The References Tab includes definitions and descriptions that clarify the use of terms in the document.


Definition Icon Definitions

Predominant sources of fresh water are surface water and ground water, with desalinized and treated wastewater as important sub-categorical sources. Saline water may also be suitable for some direct uses. Terms used to describe water use are:

Beneficial Consumption — The amount of water bound into products or crops; or transpired during crop production. It is considered beneficial since it is inherently part of an economic good for social benefit.

Conservation — Water conservation is a permanent or temporary reduction in water use or losses, achieved through changes in the structural process, institutional, educational or economic means. Permanent conservation is meant to lower overall use. Temporary conservation is part of a suite of tools to deal with the risk of temporary shortages. To be meaningful, it must be analyzed in terms of beneficial end effects. For instance, conserving withdrawals while increasing consumptive use (i.e., closed system vs. evaporative cooling) may be unwise. Beneficial conservation is that where economic, environmental and social benefits exceed the costs.

Consumption — The portion of withdrawn water evaporated, transpired or bound into products or crops. Note that this term is often used by water utilities (and their customers) to describe water delivered and billed to the user (including return flow) — a different concept based on water sales.

Conveyance Loss — The amount of water lost in transit to point of use or from point of release to return point.

Delivery — The amount of water delivered to the point of use.

Grey Water — Water discharged from a process use that may be considered for recycle/reuse.

Gross Water Use — Includes withdrawals, reclaimed wastewater and recirculated water.

Return Flow — The amount of water returned to surface or ground water after release from the point of use.

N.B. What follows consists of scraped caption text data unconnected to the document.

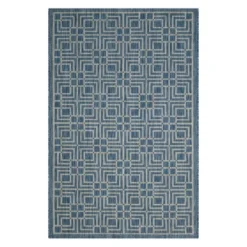 Poissy Outdoor Rug Navy/Gray - Safavieh -Northlight Shop GUEST cc8e130b 37cd 476a 9eba e493bc799b10
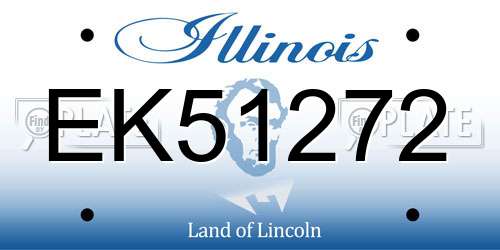 EK51272 Illinois License Plate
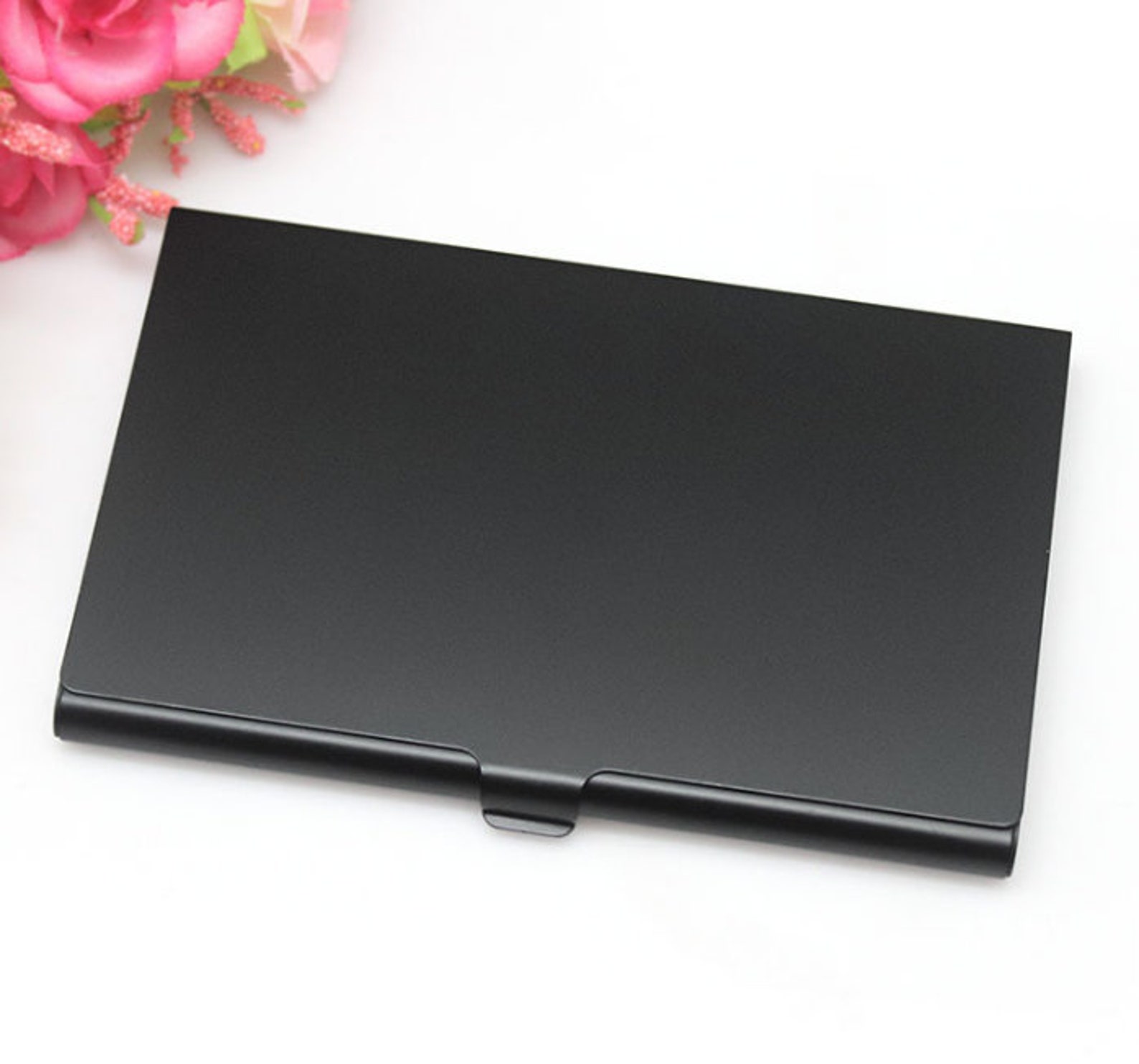 Business Card Case Metal Business Card Holder Metal Card Etsy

The quality, quantity, temperature and point of return to a watershed or aquifer compared to pre-withdrawal conditions are important elements of sustainability evaluation.

Scarcity — On a global basis, the United Nations and other organizations such as the World Resources Institute (WRI) provide the following thresholds to define scarcity:

• Extremely low <1,000 cubic meters per person per year
• Very low 1,000 to 2,000 cubic meters per person per year
• Low >2,000 to 5,000 cubic meters per person per year
• Medium >5,000 to 10,000 cubic meters per person per year
• High >10,000 to 20,000 cubic meters per person per year
• Very high >20,000 cubic meters per person per year

Withdrawal — The amount of water taken from a surface or ground water source, which may be fresh or saline.